* Exercise aim: Print each line below verbatim, skipping every picture.

--- Given information ---

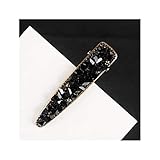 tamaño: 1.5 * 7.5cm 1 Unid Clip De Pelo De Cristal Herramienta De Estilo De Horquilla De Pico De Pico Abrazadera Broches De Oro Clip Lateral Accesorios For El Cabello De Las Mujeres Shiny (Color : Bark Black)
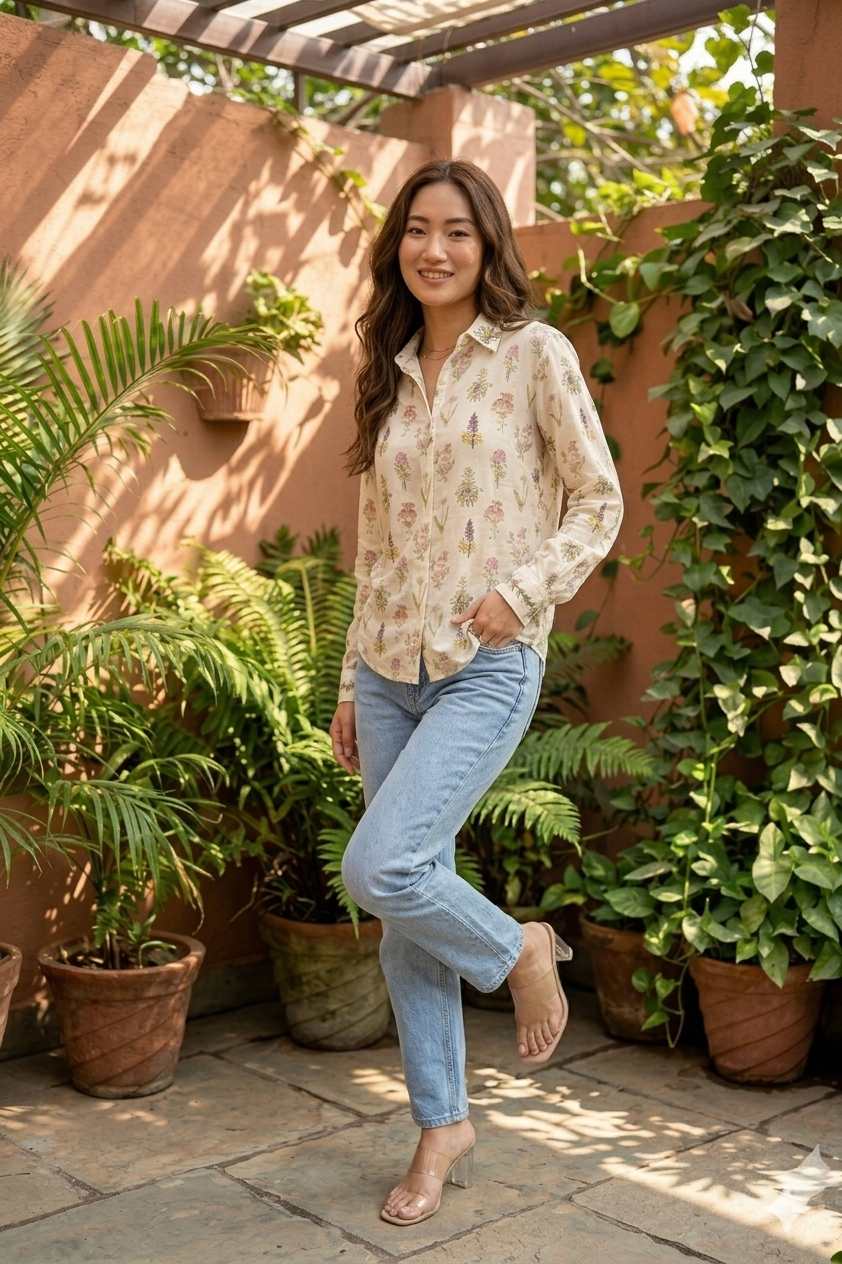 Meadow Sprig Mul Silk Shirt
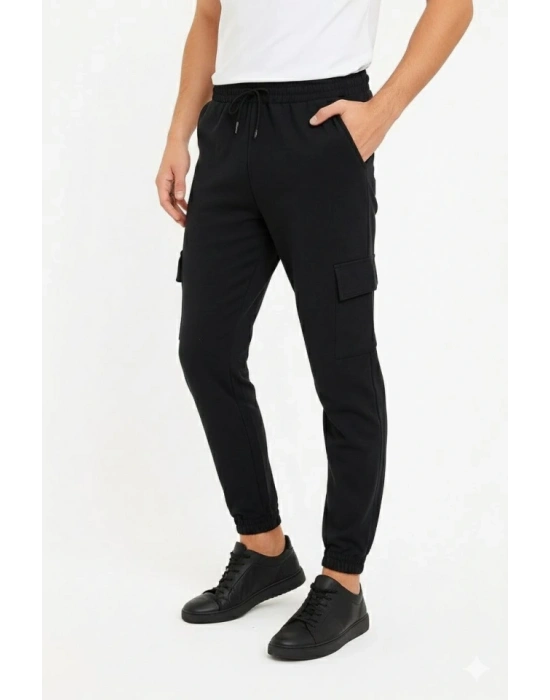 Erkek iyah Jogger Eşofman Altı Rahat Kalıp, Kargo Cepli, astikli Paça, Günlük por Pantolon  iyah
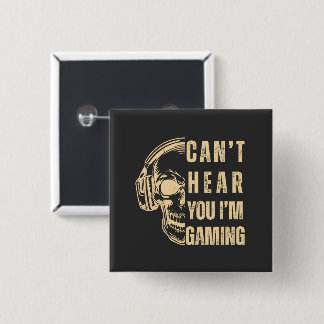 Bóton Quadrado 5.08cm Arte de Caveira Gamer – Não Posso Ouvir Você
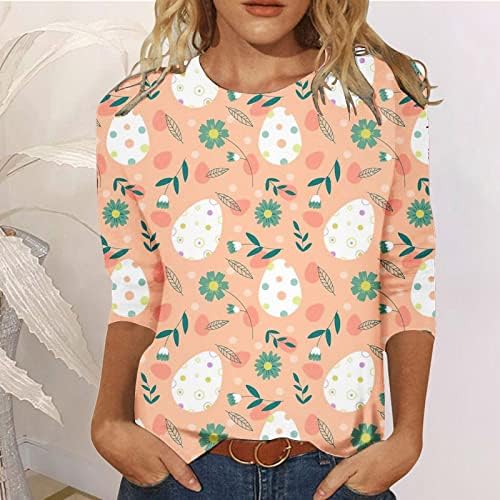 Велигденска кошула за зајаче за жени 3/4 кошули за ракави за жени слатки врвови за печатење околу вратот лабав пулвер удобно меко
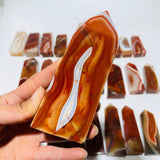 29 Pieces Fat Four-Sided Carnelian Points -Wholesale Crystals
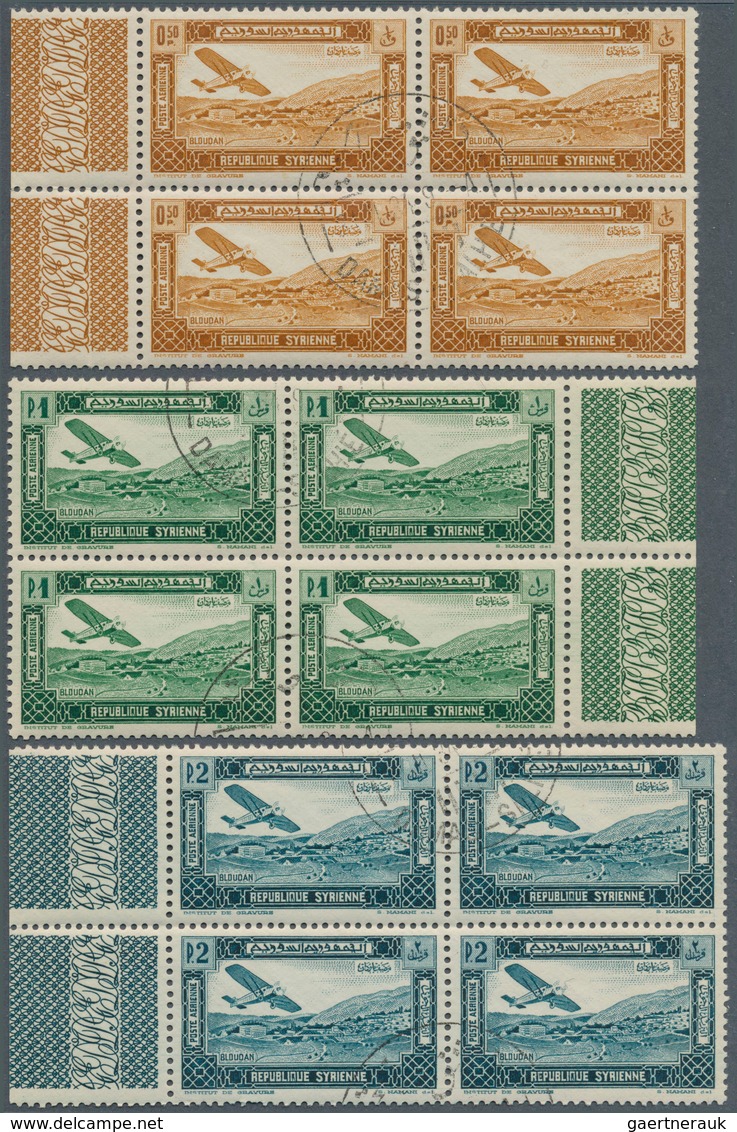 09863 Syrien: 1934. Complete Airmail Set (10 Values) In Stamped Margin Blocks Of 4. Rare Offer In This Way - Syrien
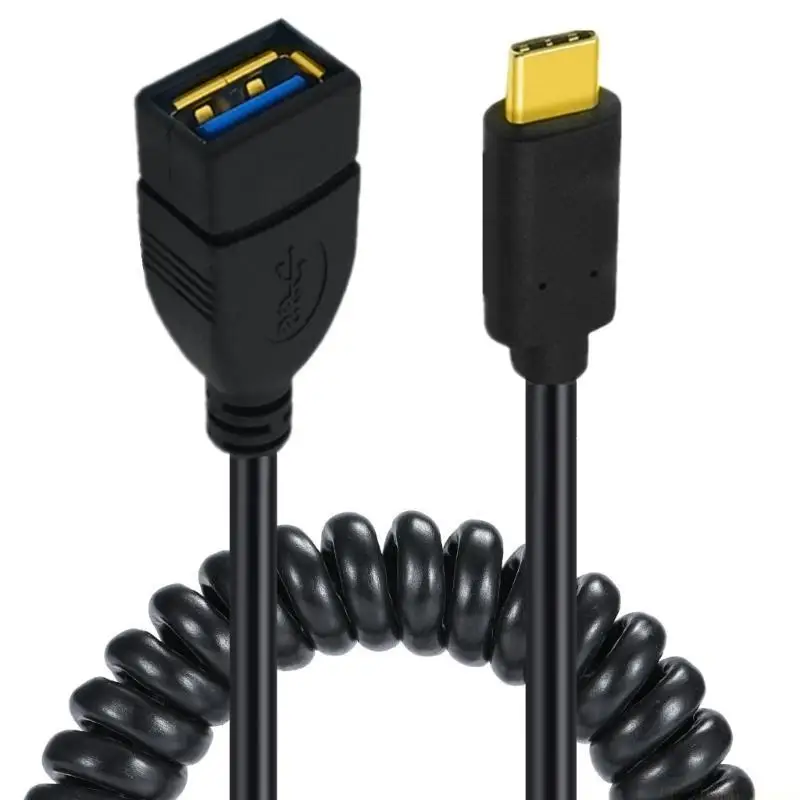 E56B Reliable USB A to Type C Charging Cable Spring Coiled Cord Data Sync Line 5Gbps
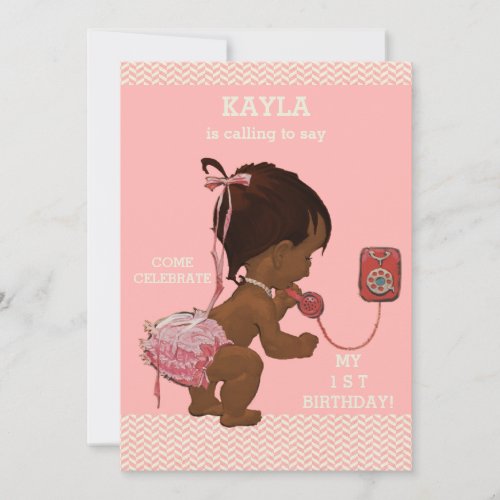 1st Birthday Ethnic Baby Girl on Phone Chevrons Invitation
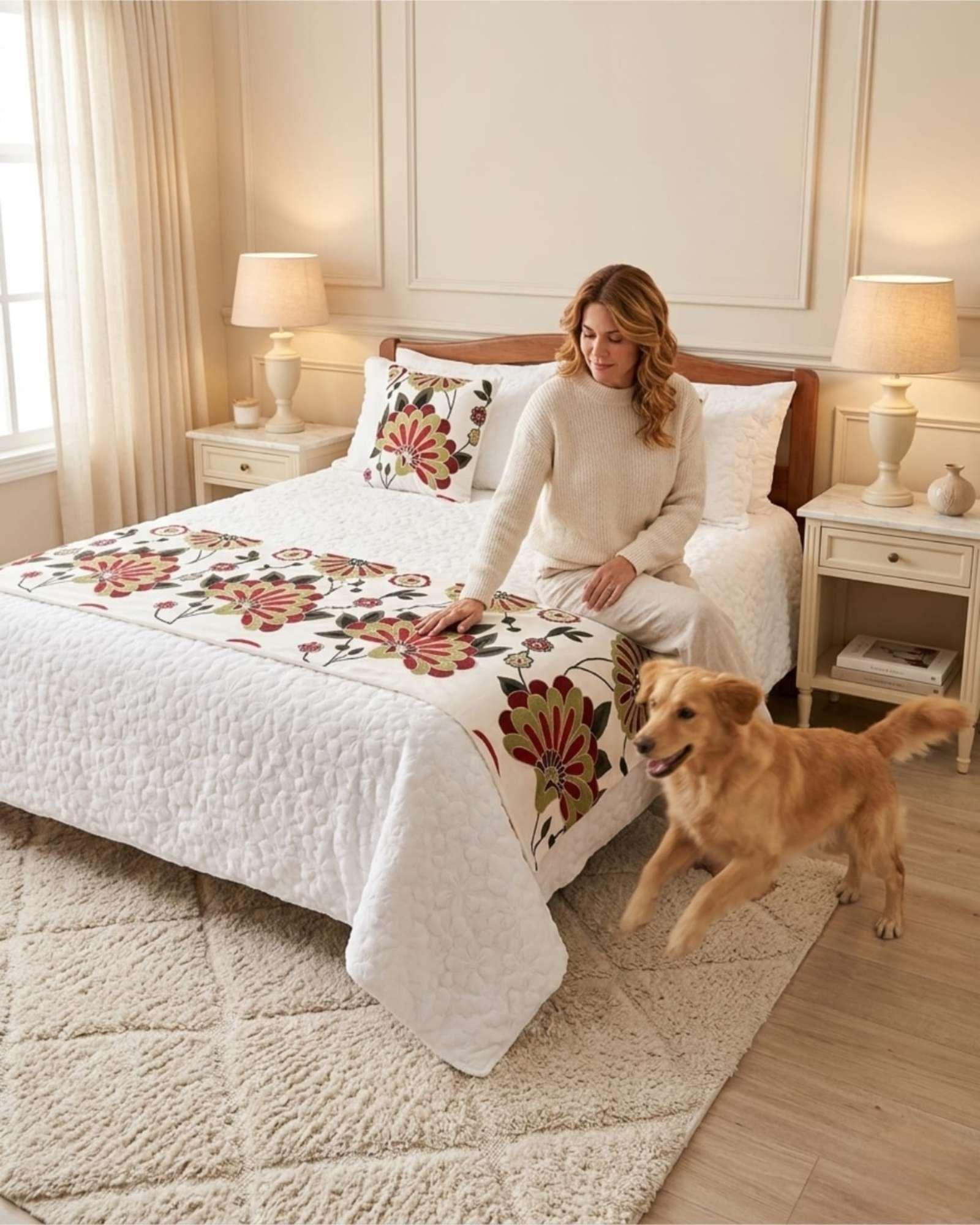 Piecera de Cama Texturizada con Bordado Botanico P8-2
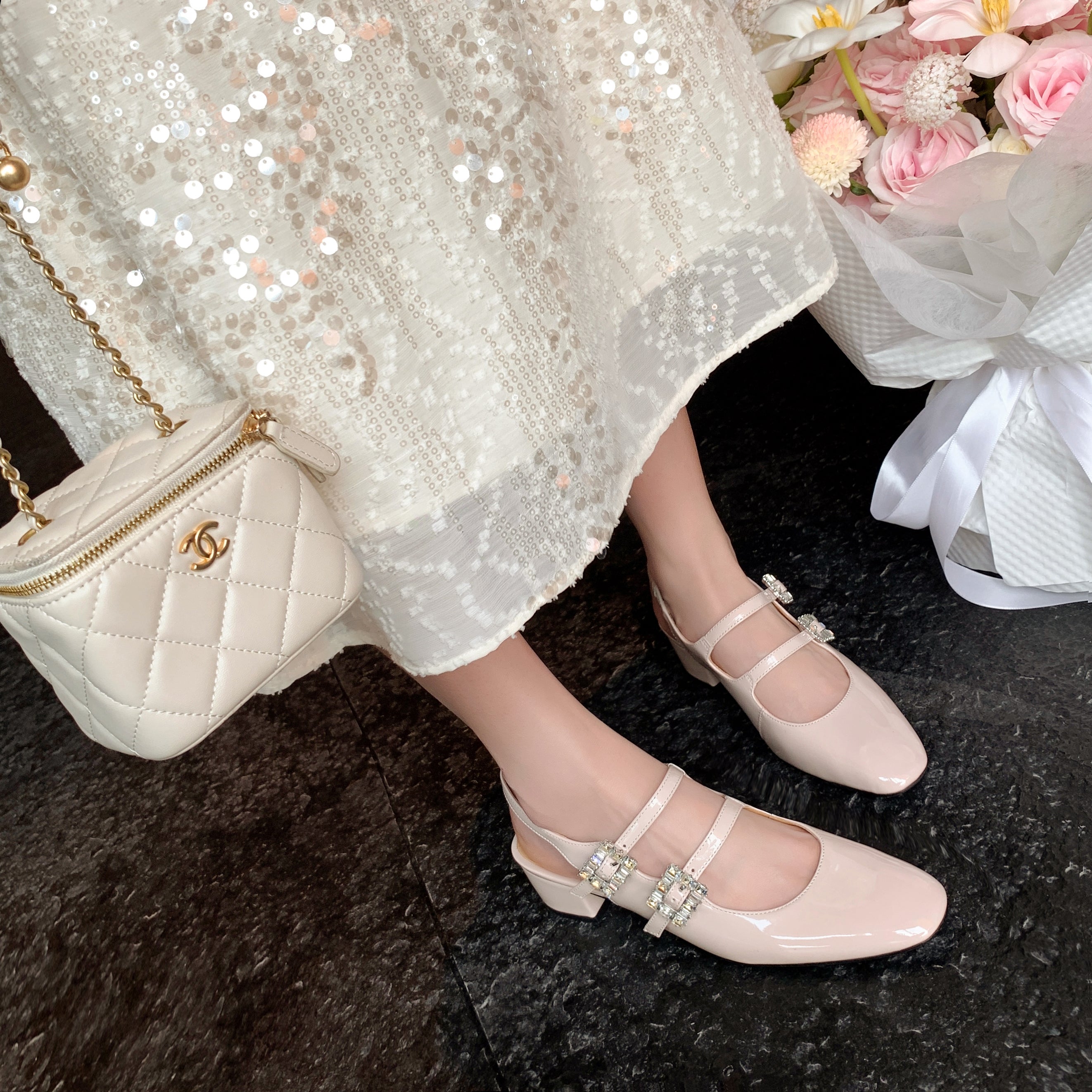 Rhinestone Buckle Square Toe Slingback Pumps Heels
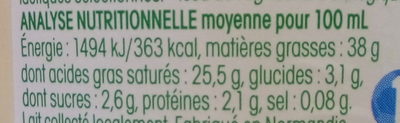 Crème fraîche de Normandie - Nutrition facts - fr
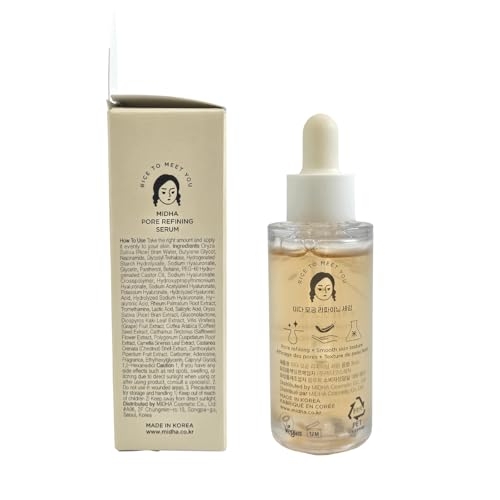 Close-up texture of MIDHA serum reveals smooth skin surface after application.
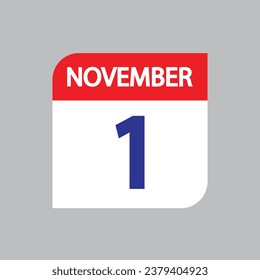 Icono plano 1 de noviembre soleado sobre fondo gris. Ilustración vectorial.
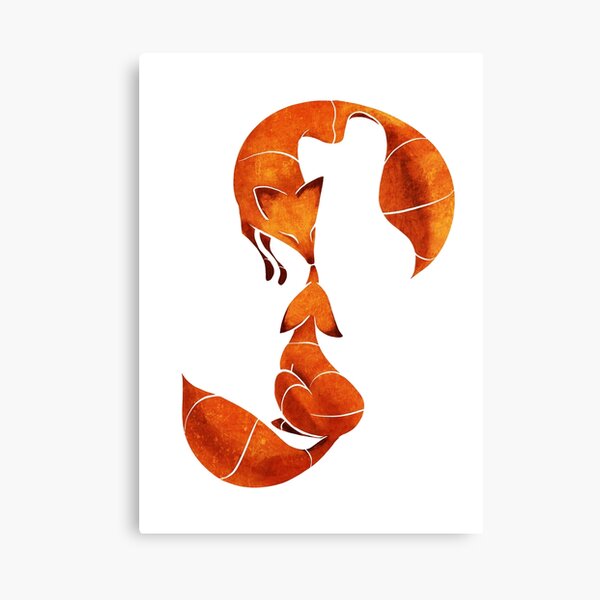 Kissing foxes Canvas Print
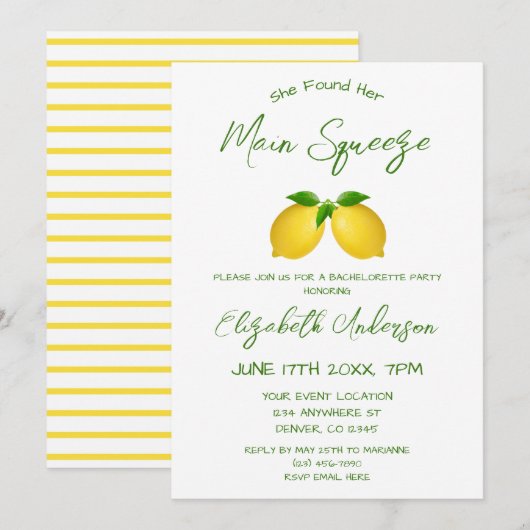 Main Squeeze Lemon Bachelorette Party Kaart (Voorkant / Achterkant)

---

* Answer to this exercise:
 tamaño: 1.5 * 7.5cm 1 Unid Clip De Pelo De Cristal Herramienta De Estilo De Horquilla De Pico De Pico Abrazadera Broches De Oro Clip Lateral Accesorios For El Cabello De Las Mujeres Shiny (Color : Bark Black)
 Meadow Sprig Mul Silk Shirt
 Erkek iyah Jogger Eşofman Altı Rahat Kalıp, Kargo Cepli, astikli Paça, Günlük por Pantolon  iyah
 Bóton Quadrado 5.08cm Arte de Caveira Gamer – Não Posso Ouvir Você
 Велигденска кошула за зајаче за жени 3/4 кошули за ракави за жени слатки врвови за печатење околу вратот лабав пулвер удобно меко
 29 Pieces Fat Four-Sided Carnelian Points -Wholesale Crystals
 09863 Syrien: 1934. Complete Airmail Set (10 Values) In Stamped Margin Blocks Of 4. Rare Offer In This Way - Syrien
 E56B Reliable USB A to Type C Charging Cable Spring Coiled Cord Data Sync Line 5Gbps
 1st Birthday Ethnic Baby Girl on Phone Chevrons Invitation
 Piecera de Cama Texturizada con Bordado Botanico P8-2
 Rhinestone Buckle Square Toe Slingback Pumps Heels
 Crème fraîche de Normandie - Nutrition facts - fr
 Close-up texture of MIDHA serum reveals smooth skin surface after application.
 Icono plano 1 de noviembre soleado sobre fondo gris. Ilustración vectorial.
 Kissing foxes Canvas Print
 Main Squeeze Lemon Bachelorette Party Kaart (Voorkant / Achterkant)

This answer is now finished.